Chapter 12, Problem 46A

The two-pod system in the previous question rotates 1.2 RPM to provide artificial gravity for its occupants. If one of the pods pulls in 100 m of cable (bringing the pods closer together), what will be the system’s new rotation rate?

To determine

The new rotation rate of the two-pod system.

Answer to Problem 46A

The new rotation rate of the two-pod system is $1.5\text{ rpm}$ .

Explanation of Solution

Given info:

The rotation is ${\omega }_1=1.2\text{ rpm}$ .

The mass of the space pods is $m=1000\text{ kg}$ .

The length of the cable is $l=900\text{ m}$ .

The pod pulls at a distance of $100\text{ m}$ .

Formula used:

The expression for the rotational inertia as follows:

  $I=m{r}^2$

Here, $m$ is the mass, $v$ is the tangential speed, and $r$ is the distance.

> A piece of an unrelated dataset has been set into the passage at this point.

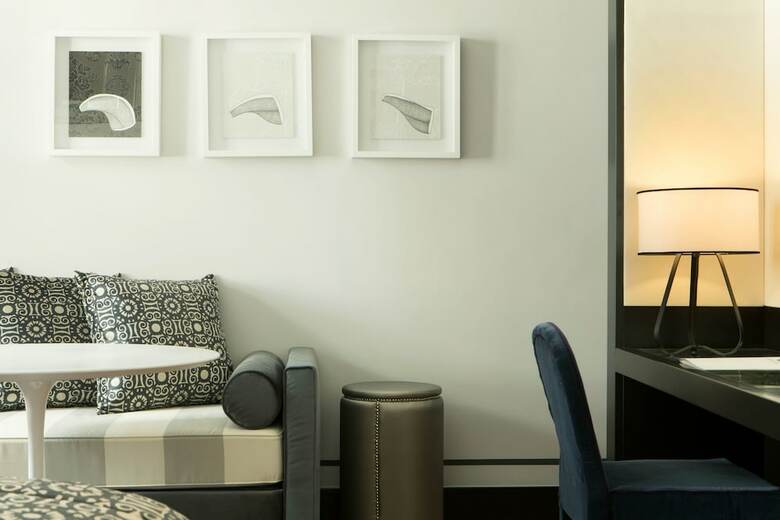 Hotel Corso 281 Luxury Suites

The expression for the law of conservation of momentum as follows:

  $I_1{\omega }_1=I_2{\omega }_2$

Here, $I_2$ is the rotational inertia and ${\omega }_2$ is the angular velocity.

Calculation:

The distance from one end of the cable to its center as follows:

  $\begin{array}{l}{r}_1=\frac{l}{2}\\ r_1=\frac{900\text{ m}}{2}\\ r_1=450\text{ m}\end{array}$

The distance from one end of the cable to its center after pulls up as follows:

  $\begin{array}{l}{r}_2=\frac{900\text{ m}-100\text{ m}}{2}\\ r_2=400\text{ m}\end{array}$

The new rotation rate by the law of conservation of momentum as follows:

  $\begin{array}{l}{I}_1{\omega }_1=I_2{\omega }_2\\ m{r}_1^2{\omega }_1=m{r}_2^2{\omega }_2\\ {\left(450\text{ m}\right)}^2\left(1.2\text{ rpm}\right)={\left(400\text{ m}\right)}^2{\omega }_2\\ {\omega }_2=1.5\text{ rpm}\end{array}$

Conclusion:

Thus, the new rotation rate of the two-pod system is $1.5\text{ RPM}$ .